Machine translation can benefit small businesses that can’t afford professional translators. Enterprises translating large volumes of materials into multiple languages also find machine translation increasingly worthwhile. Source: Pixabay
Machines are getting smarter
The machine translation industry isn’t sitting still. Artificial intelligence is improving all the time, thereby incentivizing investment and driving machine translation market growth.
That means machine translation will keep on getting better and better. For your business, that may mean even more time and cost savings.
Disadvantages of machine translation
As powerful as machine translation is, it does have some drawbacks too.
Machines don’t understand context as well as humans
As smart as machines may seem, they can’t match the human ability to understand the subtleties of language—which is vital in translation.
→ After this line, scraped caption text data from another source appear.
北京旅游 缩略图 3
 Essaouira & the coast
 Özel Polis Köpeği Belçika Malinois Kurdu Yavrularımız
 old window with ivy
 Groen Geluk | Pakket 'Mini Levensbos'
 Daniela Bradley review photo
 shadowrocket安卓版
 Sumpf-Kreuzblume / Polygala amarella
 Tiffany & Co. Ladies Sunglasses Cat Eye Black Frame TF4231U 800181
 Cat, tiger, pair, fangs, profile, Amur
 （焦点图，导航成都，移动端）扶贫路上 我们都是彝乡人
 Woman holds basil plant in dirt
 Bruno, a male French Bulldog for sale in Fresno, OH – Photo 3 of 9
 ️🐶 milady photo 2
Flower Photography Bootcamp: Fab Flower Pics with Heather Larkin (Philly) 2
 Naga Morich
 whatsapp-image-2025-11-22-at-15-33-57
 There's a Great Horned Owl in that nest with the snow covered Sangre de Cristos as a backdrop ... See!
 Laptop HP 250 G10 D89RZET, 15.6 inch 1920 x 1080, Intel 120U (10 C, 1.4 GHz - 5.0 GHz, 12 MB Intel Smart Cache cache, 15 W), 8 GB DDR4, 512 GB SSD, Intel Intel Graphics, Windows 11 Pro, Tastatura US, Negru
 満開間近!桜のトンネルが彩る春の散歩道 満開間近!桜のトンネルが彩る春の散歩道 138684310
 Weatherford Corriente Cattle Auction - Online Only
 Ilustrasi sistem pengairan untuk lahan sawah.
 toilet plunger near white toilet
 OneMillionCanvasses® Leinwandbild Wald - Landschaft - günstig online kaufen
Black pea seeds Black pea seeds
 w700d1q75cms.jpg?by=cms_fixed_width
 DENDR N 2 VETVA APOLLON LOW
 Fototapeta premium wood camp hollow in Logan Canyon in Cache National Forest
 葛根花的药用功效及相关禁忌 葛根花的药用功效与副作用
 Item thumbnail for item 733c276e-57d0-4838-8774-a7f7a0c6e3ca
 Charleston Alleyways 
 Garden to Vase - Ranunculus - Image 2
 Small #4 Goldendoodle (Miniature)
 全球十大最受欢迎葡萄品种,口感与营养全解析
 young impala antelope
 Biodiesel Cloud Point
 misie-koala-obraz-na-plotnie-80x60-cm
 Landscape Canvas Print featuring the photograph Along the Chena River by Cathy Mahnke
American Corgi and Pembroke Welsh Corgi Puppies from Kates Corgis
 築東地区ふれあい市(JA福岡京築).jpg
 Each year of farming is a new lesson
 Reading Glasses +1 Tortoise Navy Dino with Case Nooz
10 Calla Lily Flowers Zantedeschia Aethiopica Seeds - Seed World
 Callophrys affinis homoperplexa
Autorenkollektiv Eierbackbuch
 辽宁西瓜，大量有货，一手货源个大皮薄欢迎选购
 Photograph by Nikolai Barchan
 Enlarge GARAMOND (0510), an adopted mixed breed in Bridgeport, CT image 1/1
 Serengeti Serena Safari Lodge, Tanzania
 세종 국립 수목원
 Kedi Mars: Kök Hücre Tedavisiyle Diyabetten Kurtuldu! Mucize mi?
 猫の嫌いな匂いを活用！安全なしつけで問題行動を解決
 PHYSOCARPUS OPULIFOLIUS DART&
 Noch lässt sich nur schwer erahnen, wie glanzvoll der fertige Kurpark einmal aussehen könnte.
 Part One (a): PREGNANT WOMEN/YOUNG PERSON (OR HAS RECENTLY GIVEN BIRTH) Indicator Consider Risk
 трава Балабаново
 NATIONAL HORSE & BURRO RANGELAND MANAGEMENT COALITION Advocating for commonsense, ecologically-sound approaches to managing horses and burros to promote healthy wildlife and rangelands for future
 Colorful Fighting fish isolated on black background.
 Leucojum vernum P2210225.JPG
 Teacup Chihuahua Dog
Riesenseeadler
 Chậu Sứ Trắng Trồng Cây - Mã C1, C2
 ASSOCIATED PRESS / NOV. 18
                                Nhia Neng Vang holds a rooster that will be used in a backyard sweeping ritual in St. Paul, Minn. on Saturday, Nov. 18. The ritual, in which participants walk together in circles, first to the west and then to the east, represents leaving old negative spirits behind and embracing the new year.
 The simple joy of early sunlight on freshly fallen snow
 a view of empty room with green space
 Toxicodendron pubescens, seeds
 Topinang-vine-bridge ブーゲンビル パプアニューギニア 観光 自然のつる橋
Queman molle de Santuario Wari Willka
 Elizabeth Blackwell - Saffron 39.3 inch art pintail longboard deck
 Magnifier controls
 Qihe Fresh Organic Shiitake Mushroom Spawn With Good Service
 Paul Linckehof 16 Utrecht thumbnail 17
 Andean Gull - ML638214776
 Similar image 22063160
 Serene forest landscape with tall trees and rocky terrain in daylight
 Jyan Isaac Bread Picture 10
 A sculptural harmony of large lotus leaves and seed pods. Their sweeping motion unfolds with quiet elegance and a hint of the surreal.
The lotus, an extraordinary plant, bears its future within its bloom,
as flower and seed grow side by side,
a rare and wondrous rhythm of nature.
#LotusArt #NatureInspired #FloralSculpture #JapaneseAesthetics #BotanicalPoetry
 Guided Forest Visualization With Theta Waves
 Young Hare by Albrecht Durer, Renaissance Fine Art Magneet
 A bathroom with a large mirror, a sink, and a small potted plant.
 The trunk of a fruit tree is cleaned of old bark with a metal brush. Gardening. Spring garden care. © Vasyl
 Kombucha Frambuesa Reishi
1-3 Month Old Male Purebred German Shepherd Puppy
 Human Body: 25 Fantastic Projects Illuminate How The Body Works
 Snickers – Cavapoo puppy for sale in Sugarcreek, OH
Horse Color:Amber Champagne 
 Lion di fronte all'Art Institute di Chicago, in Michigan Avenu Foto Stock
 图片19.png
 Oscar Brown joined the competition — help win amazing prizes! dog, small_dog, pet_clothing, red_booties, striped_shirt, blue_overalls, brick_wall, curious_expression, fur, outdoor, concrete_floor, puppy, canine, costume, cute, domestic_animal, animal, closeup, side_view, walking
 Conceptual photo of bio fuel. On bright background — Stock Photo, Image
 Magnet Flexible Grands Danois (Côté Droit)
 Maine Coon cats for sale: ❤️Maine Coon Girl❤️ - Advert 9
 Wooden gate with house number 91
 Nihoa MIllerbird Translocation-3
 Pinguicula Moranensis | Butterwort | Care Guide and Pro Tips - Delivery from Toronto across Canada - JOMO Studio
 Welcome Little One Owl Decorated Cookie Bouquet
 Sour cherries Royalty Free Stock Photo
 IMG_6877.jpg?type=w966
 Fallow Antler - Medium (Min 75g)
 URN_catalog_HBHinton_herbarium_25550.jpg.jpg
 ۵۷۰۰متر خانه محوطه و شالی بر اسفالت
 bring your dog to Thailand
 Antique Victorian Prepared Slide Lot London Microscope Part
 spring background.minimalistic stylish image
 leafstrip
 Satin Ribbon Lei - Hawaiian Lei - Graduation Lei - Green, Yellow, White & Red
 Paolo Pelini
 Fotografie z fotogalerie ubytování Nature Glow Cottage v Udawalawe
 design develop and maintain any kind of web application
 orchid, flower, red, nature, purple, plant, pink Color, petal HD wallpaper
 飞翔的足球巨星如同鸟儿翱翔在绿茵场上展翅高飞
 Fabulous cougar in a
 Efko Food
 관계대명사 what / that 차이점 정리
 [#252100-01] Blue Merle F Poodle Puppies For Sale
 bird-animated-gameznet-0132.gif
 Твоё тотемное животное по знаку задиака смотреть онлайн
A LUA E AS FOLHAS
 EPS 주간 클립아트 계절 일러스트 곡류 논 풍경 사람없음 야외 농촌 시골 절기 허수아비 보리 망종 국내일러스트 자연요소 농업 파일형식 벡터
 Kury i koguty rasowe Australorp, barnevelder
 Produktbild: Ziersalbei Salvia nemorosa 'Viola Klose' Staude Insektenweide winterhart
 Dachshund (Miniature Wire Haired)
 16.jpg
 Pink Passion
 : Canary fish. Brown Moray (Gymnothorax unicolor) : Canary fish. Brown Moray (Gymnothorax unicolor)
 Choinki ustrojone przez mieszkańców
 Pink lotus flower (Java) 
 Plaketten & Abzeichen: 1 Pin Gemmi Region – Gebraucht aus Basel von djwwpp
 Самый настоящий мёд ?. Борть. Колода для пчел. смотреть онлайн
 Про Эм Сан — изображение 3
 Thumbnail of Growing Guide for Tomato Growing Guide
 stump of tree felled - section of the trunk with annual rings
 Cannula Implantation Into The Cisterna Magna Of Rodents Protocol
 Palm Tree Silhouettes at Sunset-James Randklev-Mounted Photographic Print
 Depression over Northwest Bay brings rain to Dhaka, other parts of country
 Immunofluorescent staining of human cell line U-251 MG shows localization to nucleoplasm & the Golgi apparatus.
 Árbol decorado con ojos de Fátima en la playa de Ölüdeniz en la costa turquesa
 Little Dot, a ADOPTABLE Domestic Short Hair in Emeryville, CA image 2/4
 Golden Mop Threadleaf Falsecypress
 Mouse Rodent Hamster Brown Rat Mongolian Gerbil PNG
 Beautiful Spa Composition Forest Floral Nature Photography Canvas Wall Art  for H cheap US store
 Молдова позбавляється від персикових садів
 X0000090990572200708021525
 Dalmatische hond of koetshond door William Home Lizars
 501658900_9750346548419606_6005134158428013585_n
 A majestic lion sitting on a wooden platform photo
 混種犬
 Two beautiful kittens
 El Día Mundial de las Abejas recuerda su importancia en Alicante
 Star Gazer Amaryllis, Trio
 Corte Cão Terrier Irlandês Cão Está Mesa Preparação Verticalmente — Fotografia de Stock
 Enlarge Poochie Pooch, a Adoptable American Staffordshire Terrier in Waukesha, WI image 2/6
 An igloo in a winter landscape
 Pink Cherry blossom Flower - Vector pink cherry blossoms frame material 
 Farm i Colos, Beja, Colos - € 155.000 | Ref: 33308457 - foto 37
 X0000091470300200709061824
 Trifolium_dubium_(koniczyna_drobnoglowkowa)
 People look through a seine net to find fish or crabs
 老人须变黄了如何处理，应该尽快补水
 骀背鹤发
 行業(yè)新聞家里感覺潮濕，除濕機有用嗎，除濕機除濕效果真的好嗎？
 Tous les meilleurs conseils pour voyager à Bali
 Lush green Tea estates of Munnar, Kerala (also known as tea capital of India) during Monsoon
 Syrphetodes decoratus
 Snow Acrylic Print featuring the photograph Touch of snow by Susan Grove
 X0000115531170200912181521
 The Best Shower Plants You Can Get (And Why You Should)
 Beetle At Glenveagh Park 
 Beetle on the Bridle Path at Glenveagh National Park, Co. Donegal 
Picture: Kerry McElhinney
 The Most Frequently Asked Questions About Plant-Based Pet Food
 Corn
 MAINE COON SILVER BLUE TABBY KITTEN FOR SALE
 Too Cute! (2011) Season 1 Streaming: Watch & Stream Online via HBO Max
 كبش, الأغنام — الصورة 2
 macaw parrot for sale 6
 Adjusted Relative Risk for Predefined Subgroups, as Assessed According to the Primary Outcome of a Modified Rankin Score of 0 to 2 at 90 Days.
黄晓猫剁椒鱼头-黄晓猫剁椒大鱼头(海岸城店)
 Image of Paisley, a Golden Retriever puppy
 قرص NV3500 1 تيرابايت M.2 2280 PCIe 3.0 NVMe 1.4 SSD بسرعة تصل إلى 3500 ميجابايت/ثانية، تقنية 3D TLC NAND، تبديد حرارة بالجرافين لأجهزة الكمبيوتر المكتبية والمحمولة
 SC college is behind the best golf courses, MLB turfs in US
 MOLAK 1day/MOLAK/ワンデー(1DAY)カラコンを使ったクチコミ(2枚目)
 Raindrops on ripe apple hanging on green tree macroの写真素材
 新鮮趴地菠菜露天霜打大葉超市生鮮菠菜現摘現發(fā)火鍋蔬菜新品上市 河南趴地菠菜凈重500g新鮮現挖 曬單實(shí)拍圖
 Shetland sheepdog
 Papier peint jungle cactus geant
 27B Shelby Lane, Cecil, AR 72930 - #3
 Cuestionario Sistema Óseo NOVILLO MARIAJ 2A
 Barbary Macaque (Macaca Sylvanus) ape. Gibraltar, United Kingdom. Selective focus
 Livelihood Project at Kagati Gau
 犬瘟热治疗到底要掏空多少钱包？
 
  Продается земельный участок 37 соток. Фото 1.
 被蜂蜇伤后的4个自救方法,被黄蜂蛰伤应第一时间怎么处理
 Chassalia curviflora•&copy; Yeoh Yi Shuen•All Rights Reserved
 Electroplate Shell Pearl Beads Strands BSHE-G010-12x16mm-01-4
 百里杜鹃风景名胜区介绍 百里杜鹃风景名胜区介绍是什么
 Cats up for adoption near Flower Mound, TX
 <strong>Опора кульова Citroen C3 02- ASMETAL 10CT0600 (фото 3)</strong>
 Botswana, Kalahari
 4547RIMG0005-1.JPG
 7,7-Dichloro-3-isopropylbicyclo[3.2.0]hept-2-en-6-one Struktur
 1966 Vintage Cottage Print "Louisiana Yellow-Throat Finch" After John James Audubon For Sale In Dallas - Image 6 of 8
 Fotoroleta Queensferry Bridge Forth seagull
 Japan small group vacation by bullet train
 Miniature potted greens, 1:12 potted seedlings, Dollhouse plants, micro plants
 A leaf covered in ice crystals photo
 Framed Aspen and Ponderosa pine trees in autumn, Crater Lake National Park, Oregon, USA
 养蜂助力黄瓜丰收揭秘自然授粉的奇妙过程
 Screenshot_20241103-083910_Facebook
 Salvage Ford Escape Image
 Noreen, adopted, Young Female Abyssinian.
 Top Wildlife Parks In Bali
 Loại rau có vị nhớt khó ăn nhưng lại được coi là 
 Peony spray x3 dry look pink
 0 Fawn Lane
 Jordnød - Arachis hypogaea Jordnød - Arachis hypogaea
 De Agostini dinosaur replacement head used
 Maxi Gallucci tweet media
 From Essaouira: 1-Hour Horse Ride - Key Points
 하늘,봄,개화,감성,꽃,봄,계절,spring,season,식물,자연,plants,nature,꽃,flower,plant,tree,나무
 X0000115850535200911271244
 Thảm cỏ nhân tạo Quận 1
For example, the same word can often have multiple meanings that can elude machine translation software. Source: Pixabay
Machines don’t get cultural sensitivities
Machines don’t understand emotions and cultural nuances. They also don’t know your target audience. Humans, on the other hand, have a cultural connection to the languages they translate, allowing them to avoid cultural mistakes.
This lack of cultural awareness makes it harder for machine translation software to get the right tone for international audiences.
How to combine human and machine translation
While it’s interesting to pitch machines against human translators, it isn’t actually necessary. Each has its own strengths, and professional localization platforms like Centus leverage both.
A human translator using Centus benefits from a range of features including:
- Machine translation
- Grammar and spelling checks
- Translation memory to store frequently used translations
- Glossary of words and terms
- Collaborative editing
- Quality assurance checks
- And much more!
By combining human and machine translation, you get the best of both worlds. Your content is translated with the linguistic intuition and service quality of a human translation service but at the speed of a machine.